The Sentencing Reform and Corrections Act now before Congress is based on a lie — that drug dealing is not a violent crime. Americans have been told this lie for years even as we witness the violence and death caused by drug dealers in our communities. Now, this lie is propelling legislation through Congress that will destroy more lives.

As former directors of the Office of National Drug Control Policy, we carry a particular responsibility to speak up when so many who should know better claim that drug trafficking has been treated too harshly under federal law.

Claims by President Obama and others that federal prisons are filled with "nonviolent drug offenders" and that drug dealing is a "victimless crime" are grotesquely dishonest. How can the drug trade be victimless when most Americans know a victim? How can it be non-violent when we witness the carnage every night on the local news?

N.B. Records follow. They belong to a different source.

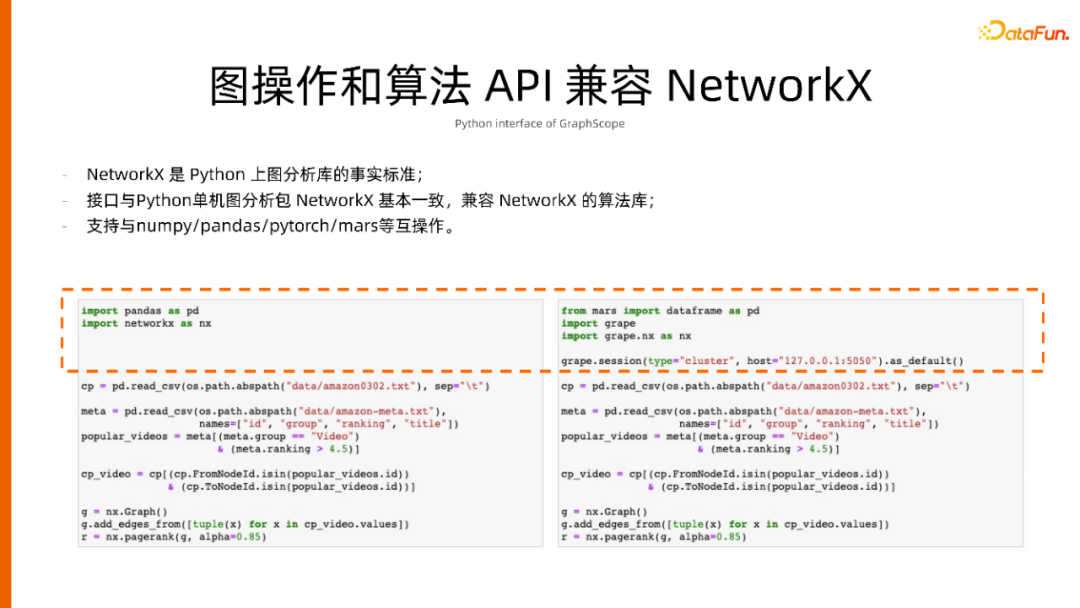 一站式开发、云原生环境，人人可用的图计算平台 GraphScope建设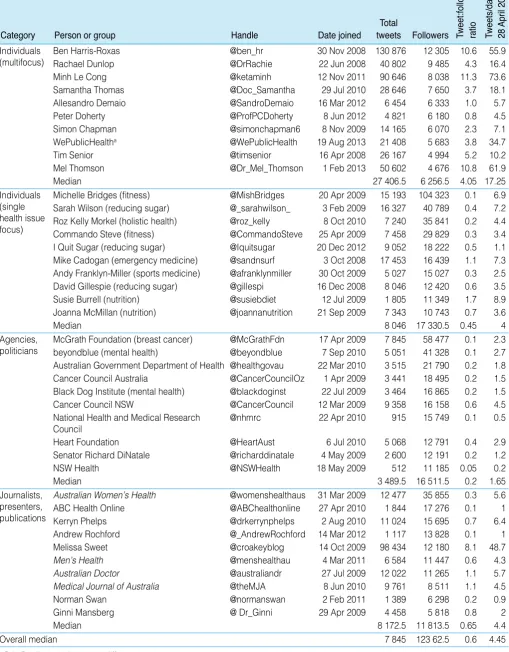 Table 1. Top 10 users in four categories, ranked by number of followers 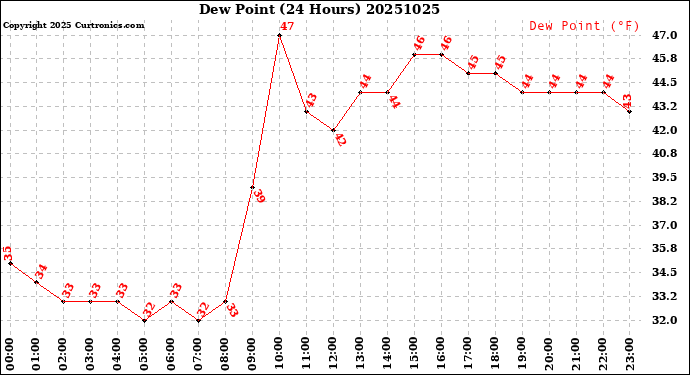 Milwaukee Weather Dew Point<br>(24 Hours)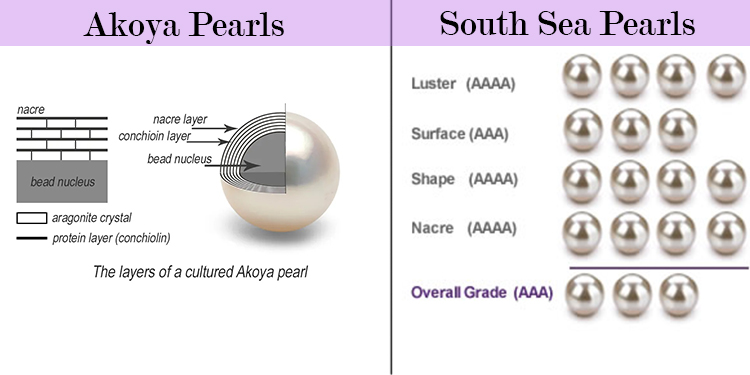 selecting between akoya pearls and south sea pearls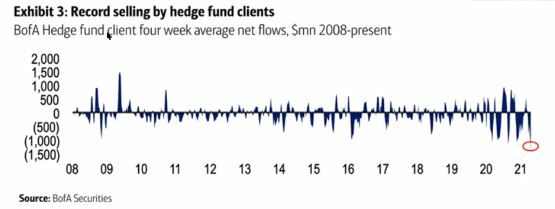 Gráfico de las ventas de los hedge funds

The countless Americans victimized by drugs know the truth, as does anyone who has looked at the facts about America's prison population.

In the federal prison system, 99.5 percent of those incarcerated for drug convictions are guilty of serious trafficking offenses. And according to a Bureau of Justice Statistics study of state drug inmates, 77 percent reoffend within five years of release, with 25 percent committing violent offenses. Most of these convicted drug dealers are career criminals with long rap sheets. By softening punishments for these traffickers, as this legislation does, Congress would give convicted dealers shorter sentences and early release causing destruction to communities across America. Moreover, this push to release experienced traffickers is occurring at the same time our nation is enduring a 440-percent increase over the past seven years in heroin overdose deaths.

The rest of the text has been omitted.